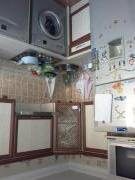 Satılır 2 otaqlı 57 m2 köhnə tikili 3 mkr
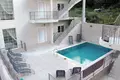Apartamento 2 habitaciones 107 m² Prcanj, Montenegro
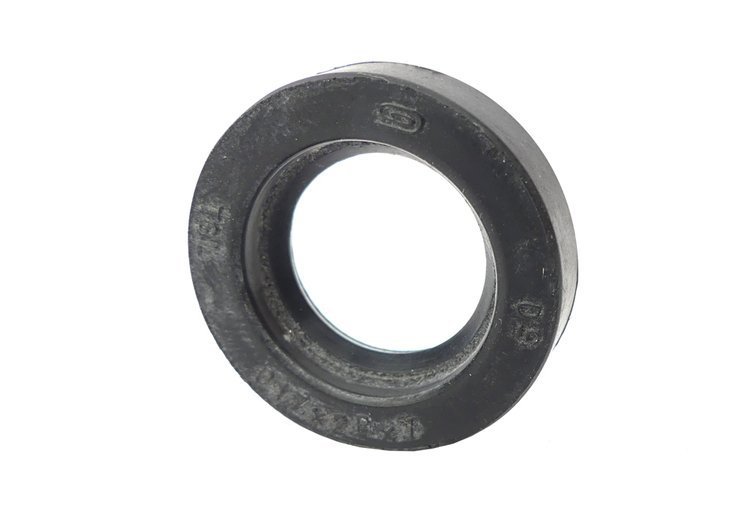 Uszczelniacz simmering wału 17x28x7 piaggio zip 50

Work task >> Strip the images and return the remaining data exactly.

Solution to this exercise >>
 Satılır 2 otaqlı 57 m2 köhnə tikili 3 mkr
Apartamento 2 habitaciones 107 m² Prcanj, Montenegro
 Uszczelniacz simmering wału 17x28x7 piaggio zip 50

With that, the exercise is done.